* Work task
Look through the data below and output, unchanged, every line from the one holding "Sleeping Bag - 175x80cm" through the one holding "Libas Gold Woven", inclusive. Skip the pictures.

*** Extracted information ***

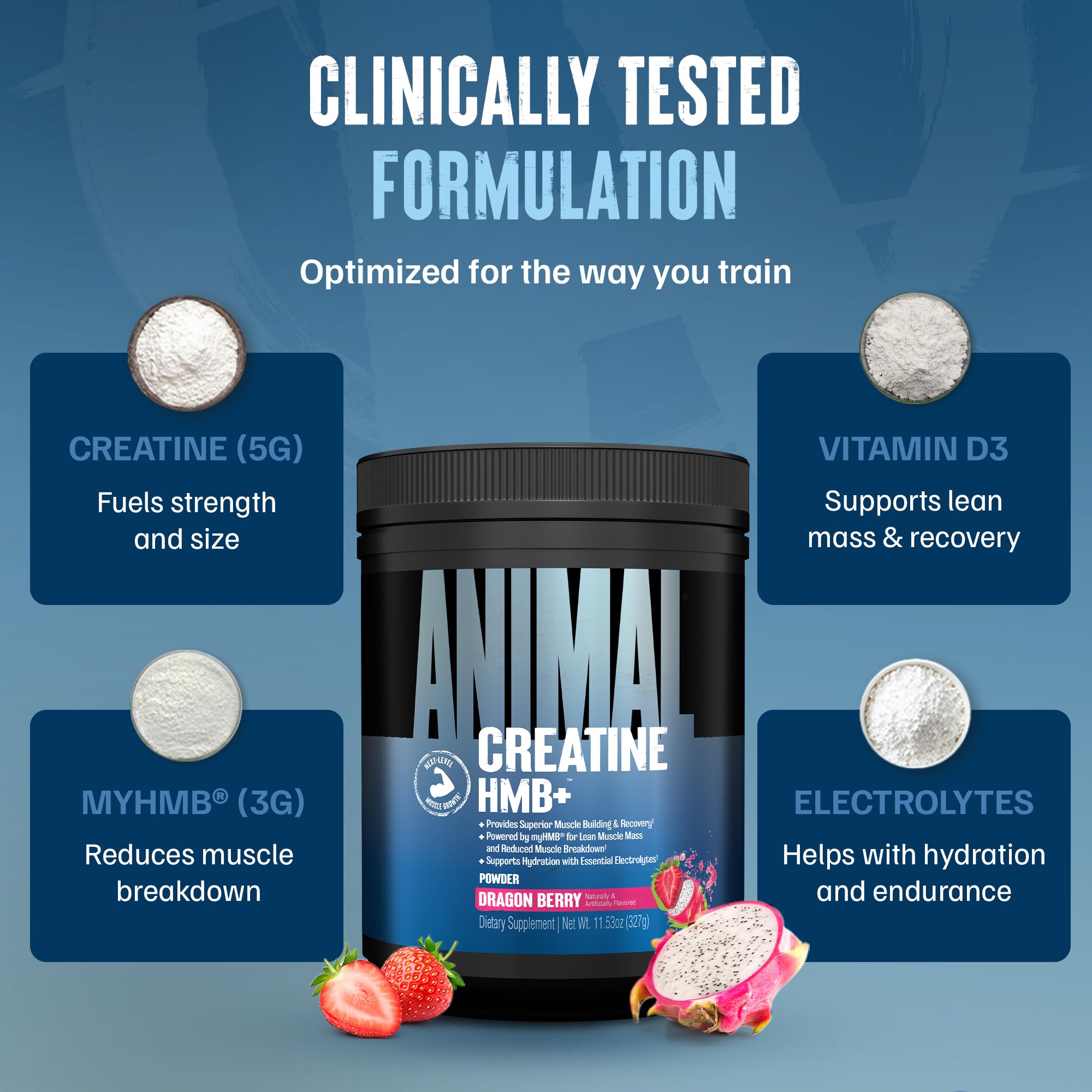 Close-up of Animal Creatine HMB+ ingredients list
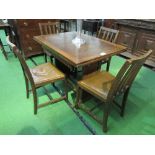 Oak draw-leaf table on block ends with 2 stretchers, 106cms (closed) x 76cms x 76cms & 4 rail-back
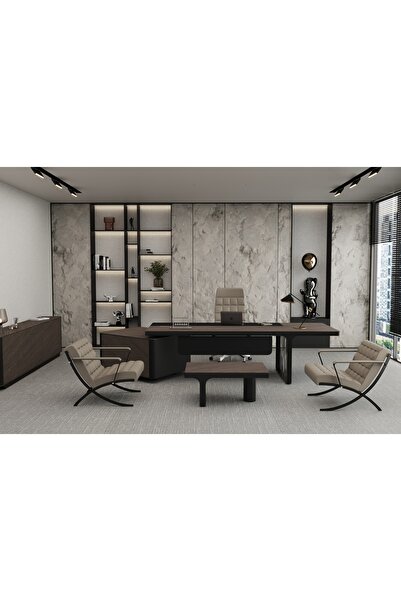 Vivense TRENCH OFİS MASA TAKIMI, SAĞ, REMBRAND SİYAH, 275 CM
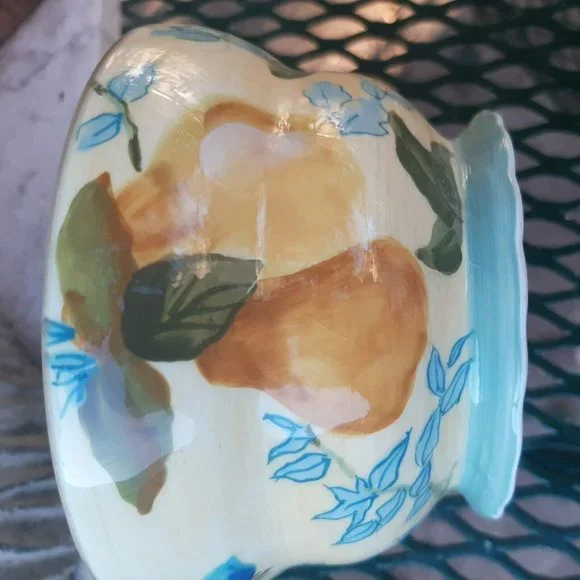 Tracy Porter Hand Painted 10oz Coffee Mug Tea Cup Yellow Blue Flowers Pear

*** End of Extracted information ***
*** Extracted information ***

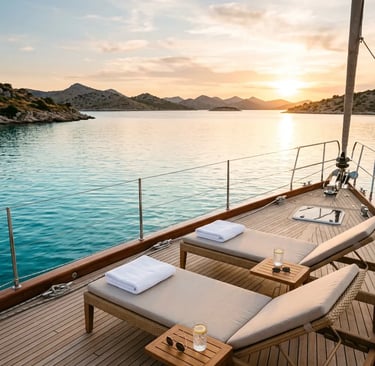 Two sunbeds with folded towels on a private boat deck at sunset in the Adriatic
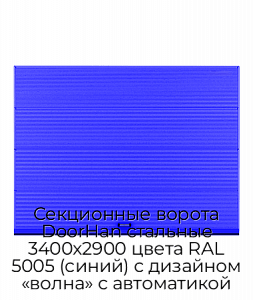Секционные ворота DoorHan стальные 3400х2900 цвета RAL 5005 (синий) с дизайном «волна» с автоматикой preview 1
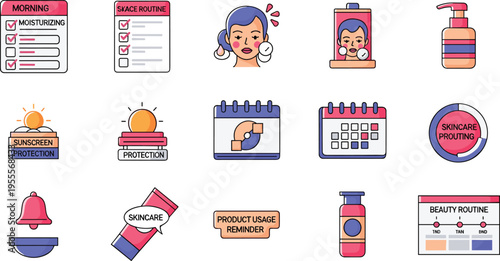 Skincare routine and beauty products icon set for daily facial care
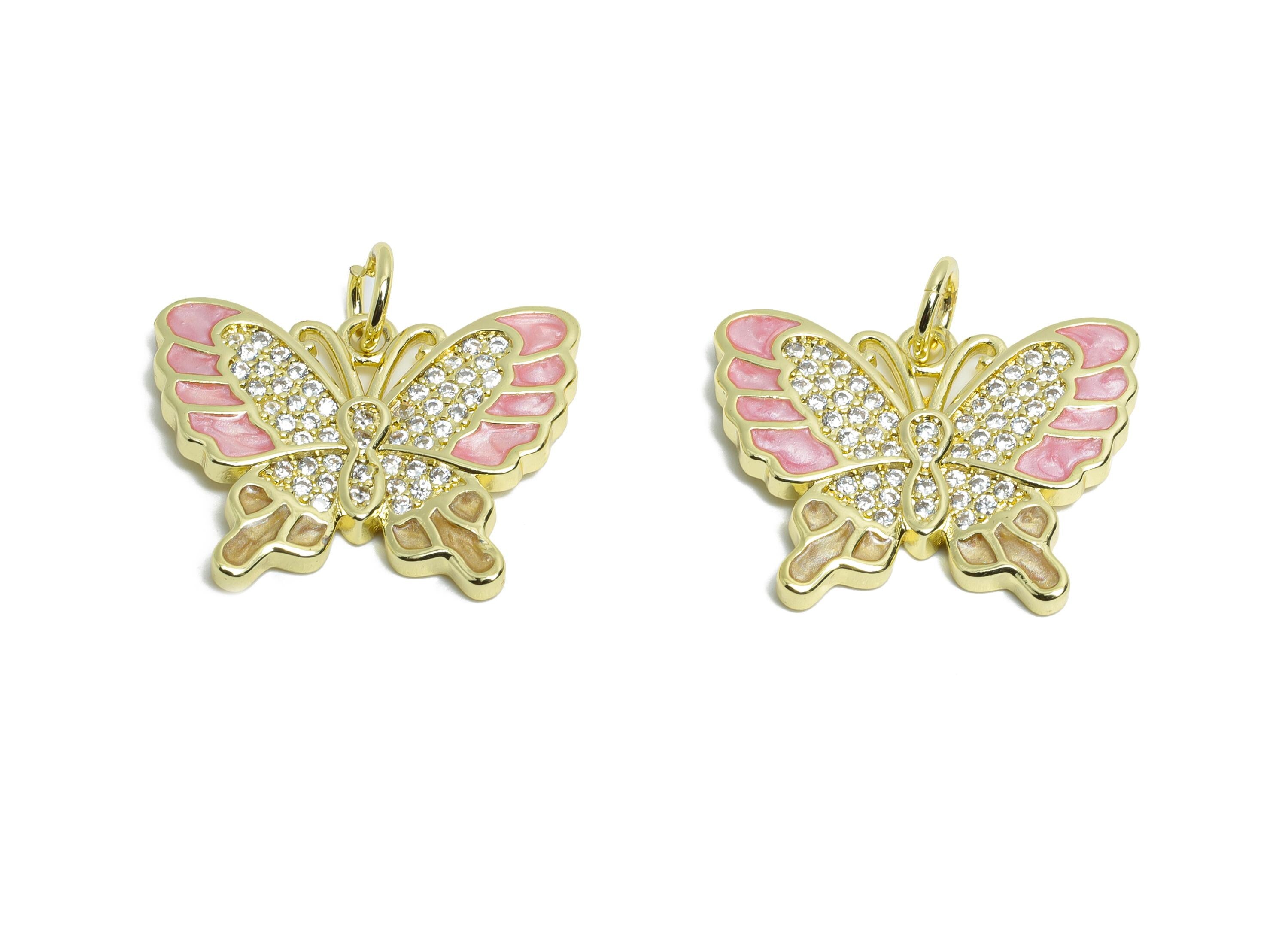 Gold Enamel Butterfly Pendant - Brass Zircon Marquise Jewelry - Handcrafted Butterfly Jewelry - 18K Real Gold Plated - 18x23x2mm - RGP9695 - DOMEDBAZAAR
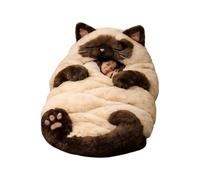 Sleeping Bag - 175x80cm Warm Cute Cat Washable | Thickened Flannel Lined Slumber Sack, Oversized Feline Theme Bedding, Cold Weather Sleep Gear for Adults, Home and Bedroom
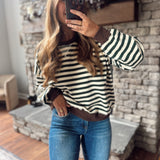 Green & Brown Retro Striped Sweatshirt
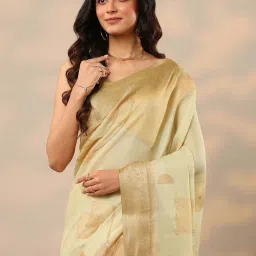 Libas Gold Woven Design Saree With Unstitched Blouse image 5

*** End of Extracted information ***

* Response to this exercise
 Sleeping Bag - 175x80cm Warm Cute Cat Washable | Thickened Flannel Lined Slumber Sack, Oversized Feline Theme Bedding, Cold Weather Sleep Gear for Adults, Home and Bedroom
 Green & Brown Retro Striped Sweatshirt
 Libas Gold Woven Design Saree With Unstitched Blouse image 5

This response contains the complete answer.